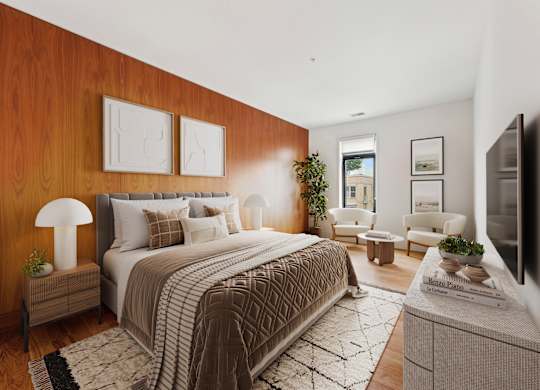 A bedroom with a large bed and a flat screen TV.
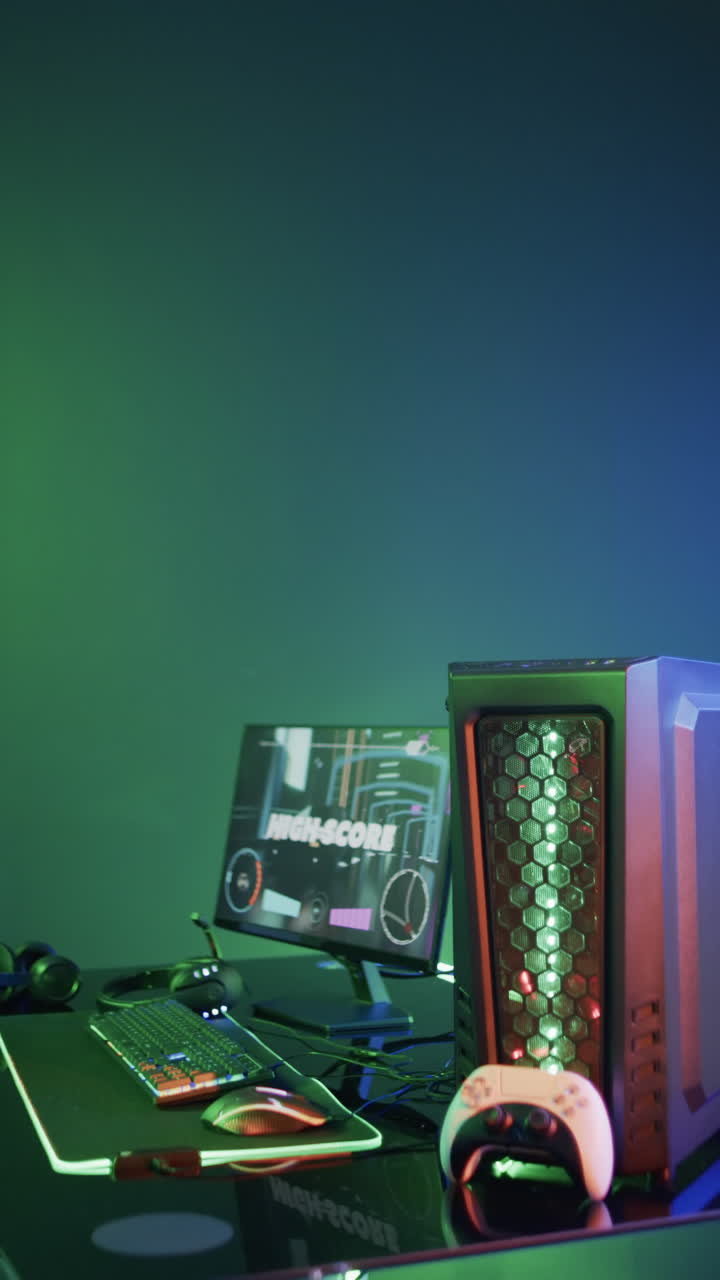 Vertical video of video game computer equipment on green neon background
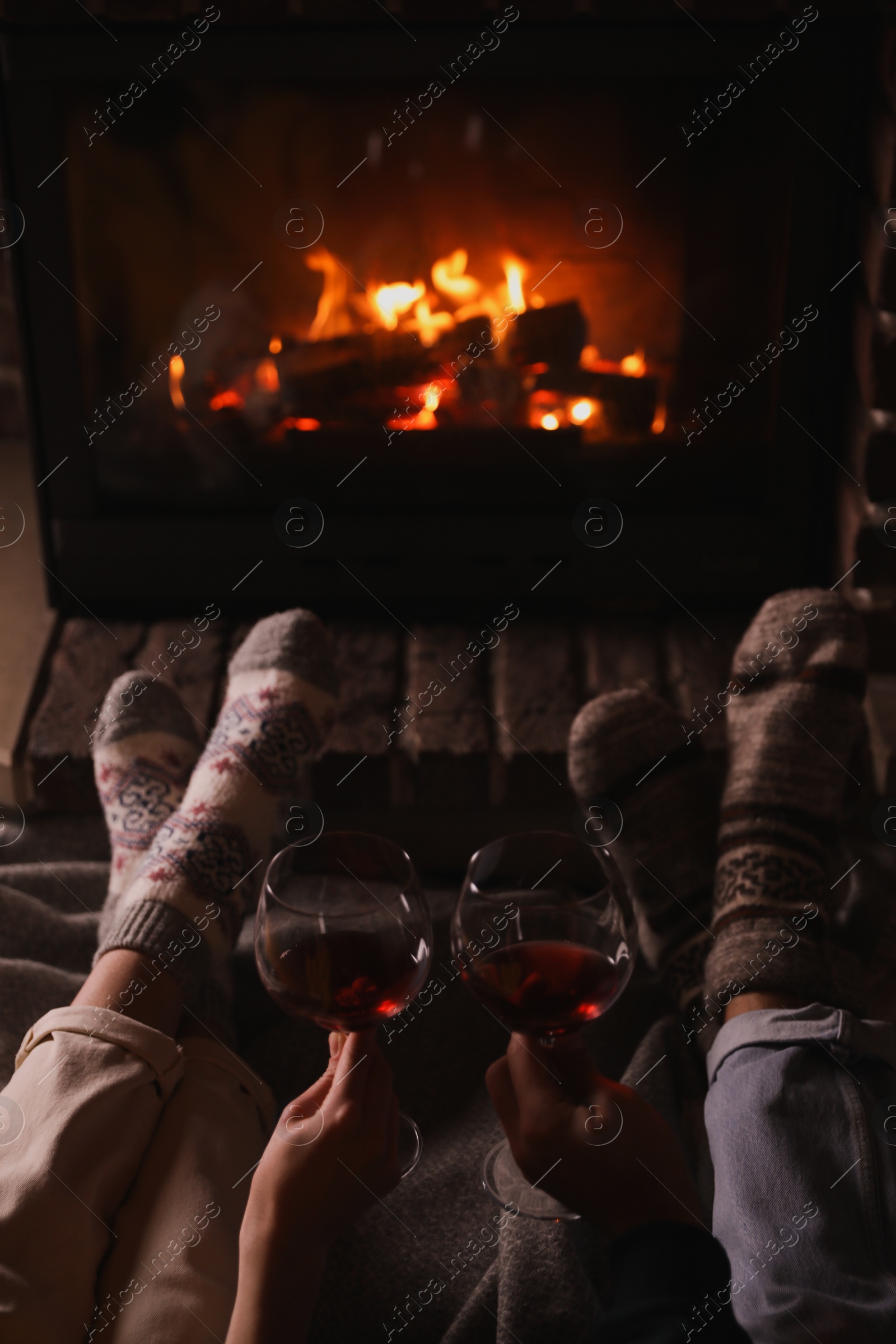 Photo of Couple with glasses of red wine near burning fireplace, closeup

**TASK**
Your output should be the lines from the one with "Vertical video of" through the end of the listing, copied exactly and with the pictures left out.

**WORKED SOLUTION**
 Vertical video of video game computer equipment on green neon background
 Photo of Couple with glasses of red wine near burning fireplace, closeup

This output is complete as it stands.